Oresteia: Parts II and III: Choephori and Eumenides
UCL Department of Greek and Latin present an amateur production of Oresteia: Parts II and III: Choephori and Eumenides
The king of Argos, Agamemnon, has been murdered on his return home from Troy by his wife Clytemnestra and her lover Aegisthus. As the wealth and power of the house of Atreus has now passed into their hands, the house itself has become steeped in murder, adultery, human sacrifice and endless intrigue in an ever accelerating course.

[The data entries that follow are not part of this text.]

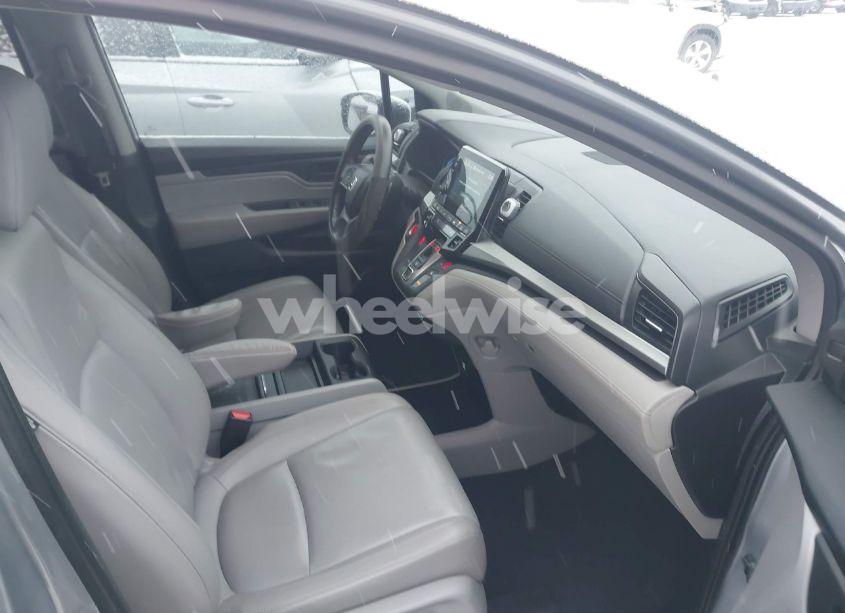 Photo 5 of 2018 Honda Odyssey EX-L (VIN 5FNRL6H76JB022347)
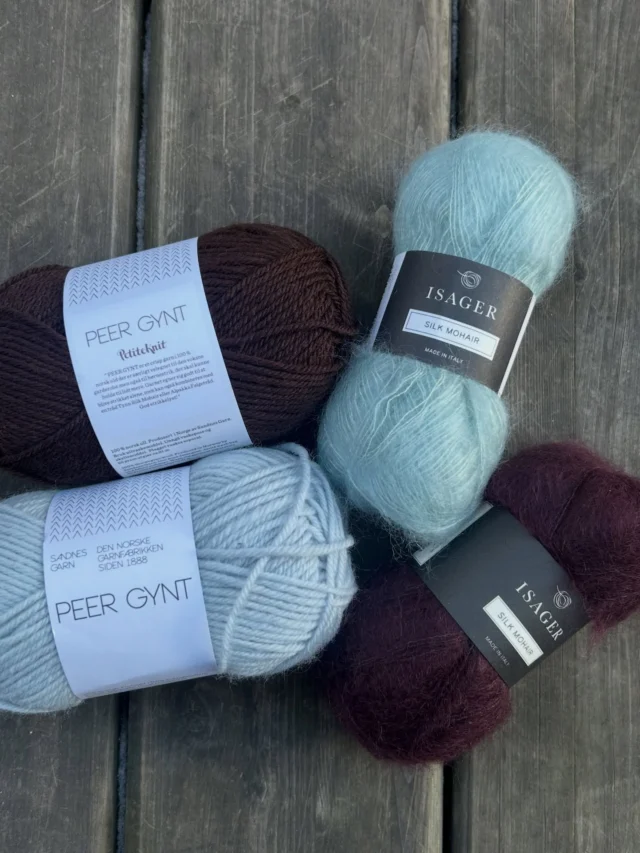 🤎🍇🩵FRANKIE🩵🍇🤎

Bluse eller genser?🤔✨ Begge strikkes ovenfra og ned i glattstrikk med raglan, lekre striper hele veien, og rullekanter etter ribben på bol og ermer🌈🧶 Det strikkes også noen vendepinner øverst for å forme halsutskjæringen🌟

Frankie Blouse strikkes i dobbel tråd Silk Mohair fra Isageryarn og blir et lett og luftig plagg☁️💫 I tillegg anbefaler petiteknit en bevegelsesvidde på 0 til -5 cm, så den er ment å være litt tettsittende💃🏻🪩

Frankie Sweater strikkes i Peer Gynt fra Sandndesgan og blir er mer stabil og varmere genser enn blusen🐑❤️‍🔥 Den er også ment å være videre, med en anbefalt bevegelsesvidde på ca. 20 cm💌 

I denne posten har vi satt sammen noen fargeforslag, først til Frankie Blouse, så til Frankie Sweater🎨💖

Vil du strikke blusen eller genseren?🤭🩵💭
Du finner garnpakke på begge deler i nettbutikken💌

#frankiesweater #frankieblouse #sandnespeergynt #isagersilkmohair #petiteknit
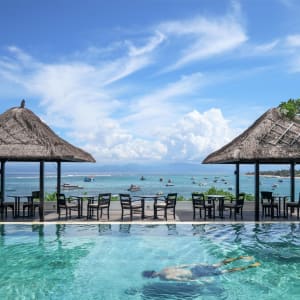 Batu Karang Lembongan Resort & Spa à Nusa Lembongan:  Muntigs pool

Agamemnon’s son Orestes returns from exile to take revenge on his father’s killers and restore himself to the rule of Argos; but the act of killing his mother entangles him in the same cycle of human sacrifice, deception and destruction that has driven the last generations of the house of Atreus. As the cycle takes one more harrowing turn, foreshadowing more blood, more revenge, and more destruction, human sacrifice manifests itself as the objective of the chthonic powers Erinyes. Is there going to be an end?

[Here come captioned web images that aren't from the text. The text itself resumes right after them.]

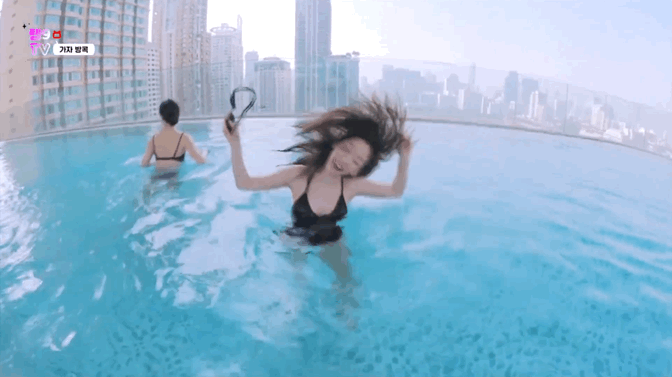 99C1B9375C5DA85E15FAB9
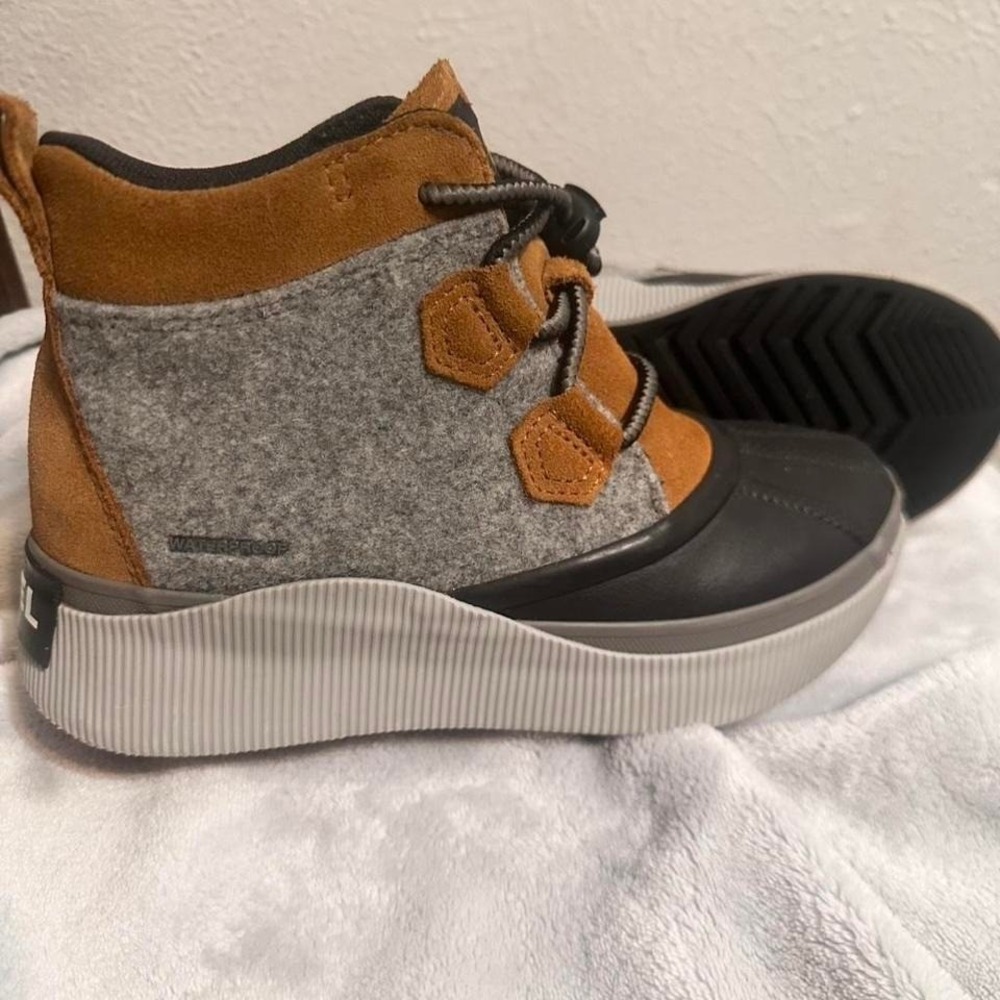 Sorel women's Tofino waterproof hiking boots - brown and blue #hikingboots - Picture 6 of 8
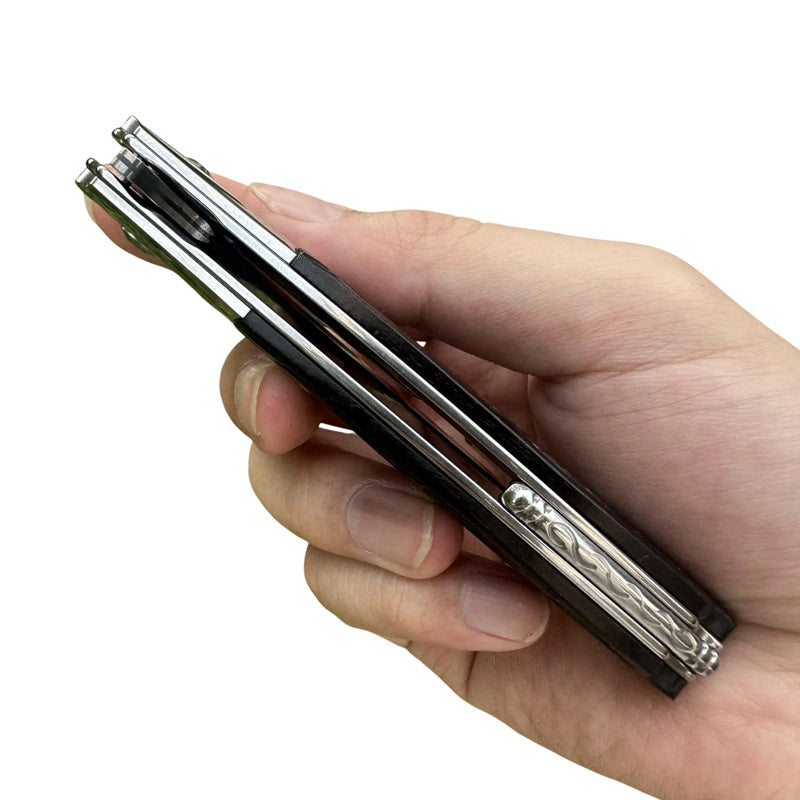 Couteau de Poche Japonais Damas Plié en main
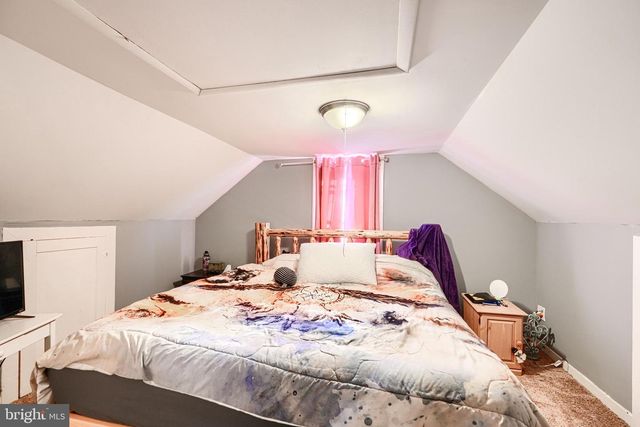 6 AVENAL RD, Baltimore, MD 21221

In devising a closure to the disturbing course of the house of Atreus and its destructive relation to wealth, power and human life, Aeschylus creates nothing less than an aetiological myth for the creation of Athenian civilisation.
Tickets £9, £6 concessions
Pre-Performance Talks
Wednesday 10 February 2010
6.30 pm: Public talk: “The theatrical variety of Choephori and Eumenides”, Professor Oliver Taplin (Venue: Bloomsbury Theatre Auditorium)
Thursday 11 February 2010
6.30 pm: Public talk :“Orestes and the Oresteia”, Professor Pat Easterling (Venue: Bloomsbury Theatre Auditorium)
Both speakers are international Greeks theatre experts.